Dollar index ai massimi da oltre un anno
I nuovi segnali positivi in arrivo dalla prima economia e le vendite che stanno colpendo euro, yen e sterlina spingono l’indice del dollaro ai massimi dal luglio del 2013. Il dato macroeconomico più importante del giorno, l’Ism manifatturiero statunitense relativo il mese di agosto, ha stupito in positivo passando da 57,1 a 59 punti, il livello maggiore dal marzo del 2011. Indicazioni decisamente positive anche dalla spesa per costruzioni, che a luglio ha doppiato le attese crescendo dell’1,8% mensile.
“Si tratta di dati che suggeriscono una crescita annualizzata di circa il 5% anche se in questo momento riteniamo che per il Pil sarà difficile toccare questi livelli nel terzo trimestre visto il debole andamento dei consumi a luglio”, ha commentato Rob Carnell di ING.
A un dollaro in grande spolvero fa da contraltare un euro in trepidante attesa delle parole che il chairman Draghi pronuncerà giovedì al termine della riunione del board.
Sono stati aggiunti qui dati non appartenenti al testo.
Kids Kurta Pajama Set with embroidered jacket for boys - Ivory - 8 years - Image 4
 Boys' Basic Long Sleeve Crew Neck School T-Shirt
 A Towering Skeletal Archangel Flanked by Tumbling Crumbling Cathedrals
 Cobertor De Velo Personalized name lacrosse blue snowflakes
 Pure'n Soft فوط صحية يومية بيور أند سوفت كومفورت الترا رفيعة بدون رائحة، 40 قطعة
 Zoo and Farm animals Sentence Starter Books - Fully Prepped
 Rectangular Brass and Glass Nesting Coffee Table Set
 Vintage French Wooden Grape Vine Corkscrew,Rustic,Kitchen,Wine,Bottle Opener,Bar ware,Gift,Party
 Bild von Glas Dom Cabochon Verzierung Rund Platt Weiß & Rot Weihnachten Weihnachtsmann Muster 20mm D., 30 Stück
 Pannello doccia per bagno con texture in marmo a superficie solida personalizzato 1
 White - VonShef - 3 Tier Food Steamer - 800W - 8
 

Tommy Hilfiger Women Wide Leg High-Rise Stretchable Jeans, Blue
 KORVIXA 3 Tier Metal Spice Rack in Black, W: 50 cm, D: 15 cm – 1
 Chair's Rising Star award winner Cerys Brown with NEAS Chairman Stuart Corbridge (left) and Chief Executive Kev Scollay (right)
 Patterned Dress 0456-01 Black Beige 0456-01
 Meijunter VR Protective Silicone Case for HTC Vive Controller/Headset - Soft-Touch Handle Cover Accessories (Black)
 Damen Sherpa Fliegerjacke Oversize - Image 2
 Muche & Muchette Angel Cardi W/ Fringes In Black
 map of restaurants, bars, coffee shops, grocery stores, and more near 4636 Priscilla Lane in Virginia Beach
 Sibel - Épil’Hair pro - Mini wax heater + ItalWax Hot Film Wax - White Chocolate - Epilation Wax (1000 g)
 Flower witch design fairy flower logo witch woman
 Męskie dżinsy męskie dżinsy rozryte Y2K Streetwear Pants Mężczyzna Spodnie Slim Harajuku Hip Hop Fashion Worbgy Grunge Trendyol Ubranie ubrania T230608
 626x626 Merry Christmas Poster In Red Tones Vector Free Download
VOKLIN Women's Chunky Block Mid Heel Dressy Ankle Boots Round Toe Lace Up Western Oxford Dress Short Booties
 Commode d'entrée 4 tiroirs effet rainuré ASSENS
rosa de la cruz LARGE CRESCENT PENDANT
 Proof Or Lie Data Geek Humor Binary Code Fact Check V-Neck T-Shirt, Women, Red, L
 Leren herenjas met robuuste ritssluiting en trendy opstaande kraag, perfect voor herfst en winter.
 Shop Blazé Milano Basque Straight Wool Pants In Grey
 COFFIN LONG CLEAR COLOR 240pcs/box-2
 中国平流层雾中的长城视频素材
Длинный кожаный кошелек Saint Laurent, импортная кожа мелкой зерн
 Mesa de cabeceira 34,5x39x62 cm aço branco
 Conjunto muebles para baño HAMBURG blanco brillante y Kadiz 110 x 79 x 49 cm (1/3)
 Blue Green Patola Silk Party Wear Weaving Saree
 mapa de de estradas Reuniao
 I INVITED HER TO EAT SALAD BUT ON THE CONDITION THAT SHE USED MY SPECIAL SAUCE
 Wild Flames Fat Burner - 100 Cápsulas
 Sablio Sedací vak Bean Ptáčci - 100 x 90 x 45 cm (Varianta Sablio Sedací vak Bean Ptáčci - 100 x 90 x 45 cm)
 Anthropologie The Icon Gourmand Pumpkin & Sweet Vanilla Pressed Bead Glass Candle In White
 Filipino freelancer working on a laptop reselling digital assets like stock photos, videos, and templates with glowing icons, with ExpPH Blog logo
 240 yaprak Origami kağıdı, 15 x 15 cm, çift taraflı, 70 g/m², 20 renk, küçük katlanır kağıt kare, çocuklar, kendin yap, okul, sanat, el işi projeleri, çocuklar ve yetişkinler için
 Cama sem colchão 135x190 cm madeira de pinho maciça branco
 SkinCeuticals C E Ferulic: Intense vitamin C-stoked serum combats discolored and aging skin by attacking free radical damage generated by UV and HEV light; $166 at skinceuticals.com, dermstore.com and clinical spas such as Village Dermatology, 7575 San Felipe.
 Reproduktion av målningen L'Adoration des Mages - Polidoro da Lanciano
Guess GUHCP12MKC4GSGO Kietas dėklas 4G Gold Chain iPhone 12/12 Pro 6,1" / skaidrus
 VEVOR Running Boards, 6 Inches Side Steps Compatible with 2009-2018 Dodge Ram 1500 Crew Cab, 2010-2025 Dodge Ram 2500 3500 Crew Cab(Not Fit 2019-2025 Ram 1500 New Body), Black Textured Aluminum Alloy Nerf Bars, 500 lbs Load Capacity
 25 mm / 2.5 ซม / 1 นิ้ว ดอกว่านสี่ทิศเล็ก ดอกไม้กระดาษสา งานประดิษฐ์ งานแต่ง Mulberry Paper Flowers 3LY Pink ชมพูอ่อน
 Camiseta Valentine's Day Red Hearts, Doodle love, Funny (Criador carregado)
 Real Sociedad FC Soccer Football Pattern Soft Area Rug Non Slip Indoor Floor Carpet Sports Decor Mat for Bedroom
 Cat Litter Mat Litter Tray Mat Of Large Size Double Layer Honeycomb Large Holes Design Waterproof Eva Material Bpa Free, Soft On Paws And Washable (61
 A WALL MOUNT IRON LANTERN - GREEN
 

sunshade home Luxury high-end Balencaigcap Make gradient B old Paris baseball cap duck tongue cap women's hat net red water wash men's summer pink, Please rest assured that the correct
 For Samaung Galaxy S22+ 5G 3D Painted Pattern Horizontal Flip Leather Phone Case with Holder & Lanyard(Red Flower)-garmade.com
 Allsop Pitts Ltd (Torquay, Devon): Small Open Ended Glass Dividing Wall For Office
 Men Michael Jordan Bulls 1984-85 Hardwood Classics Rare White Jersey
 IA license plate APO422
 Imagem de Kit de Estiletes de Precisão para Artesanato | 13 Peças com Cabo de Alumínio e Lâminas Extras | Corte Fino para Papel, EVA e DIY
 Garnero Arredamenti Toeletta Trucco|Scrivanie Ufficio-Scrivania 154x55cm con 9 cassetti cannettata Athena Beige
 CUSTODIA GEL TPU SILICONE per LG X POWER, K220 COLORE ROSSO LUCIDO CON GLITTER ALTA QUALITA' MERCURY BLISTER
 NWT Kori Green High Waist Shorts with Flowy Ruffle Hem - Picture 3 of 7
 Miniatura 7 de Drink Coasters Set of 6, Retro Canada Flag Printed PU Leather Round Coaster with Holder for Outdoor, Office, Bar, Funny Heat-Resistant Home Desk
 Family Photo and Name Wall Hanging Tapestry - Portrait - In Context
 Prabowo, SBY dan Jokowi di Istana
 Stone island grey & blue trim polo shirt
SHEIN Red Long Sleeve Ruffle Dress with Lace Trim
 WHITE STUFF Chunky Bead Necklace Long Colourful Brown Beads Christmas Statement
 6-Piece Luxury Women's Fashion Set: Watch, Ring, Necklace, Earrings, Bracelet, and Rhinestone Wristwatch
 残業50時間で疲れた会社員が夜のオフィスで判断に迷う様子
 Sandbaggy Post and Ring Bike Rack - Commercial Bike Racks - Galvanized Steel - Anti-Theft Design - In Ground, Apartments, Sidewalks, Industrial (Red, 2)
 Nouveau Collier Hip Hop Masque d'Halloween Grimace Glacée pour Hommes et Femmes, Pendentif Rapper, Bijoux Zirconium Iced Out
In un contesto caratterizzato da bassa crescita e da aspettative di inflazione in netto calo gli analisti si attendono nuove aperture al piano di acquisto titoli e stanno di conseguenza spingendo al ribasso l’eurodollaro che oggi ha toccato il livello minimo da 12 mesi scendendo a 1,3109 usd.
Il rimpasto di governo voluto dal premier nipponico Abe, che intende ulteriormente potenziare la politica espansiva dell’esecutivo, ha fatto salire lo usd/jpy ai massimi dal 23 gennaio a 105,20. Secondo Vincenzo Longo di IG il superamento della soglia di 105 yen dovrebbe spingere il cross “verso i massimi di inizio anno, a 105,45, dove passa anche l’ultimo dei ritracciamenti di Fibonacci nella discesa dai picchi del 2007”. “Al di sopra di tale target la corsa sarebbe importante e il cambio potrebbe arrivare almeno sino a 108”, continua l’esperto.
Nel caso del cable, il cambio sterlina/dollaro, il movimento ribassista che oggi ha portato la coppia sotto quota 1,65 (1,6490 usd) per la prima in cinque mesi è riconducibile ai risultati dell’ultimo sondaggio effettuato da YouGov in vista del referendum che potrebbe portare alla separazione della Scozia dal Regno Unito dopo oltre 300 anni.
Secondo quanto emerso dall’indagine la differenza tra pro e contro l’indipendenza si sarebbe ridotta a 6 punti percentuali rispetto ai 14 della metà di agosto. Gli intervistati a favore della separazione sono stati il 47% del totale. “La sterlina non rappresenta un asset divisibile tra due Paesi”, ha già fatto sapere il Cancelliere dello scacchiere del Regno Unito, George Osborne. “Se la Scozia dovesse lasciare il Regno Unito, lascerà anche la sterlina”.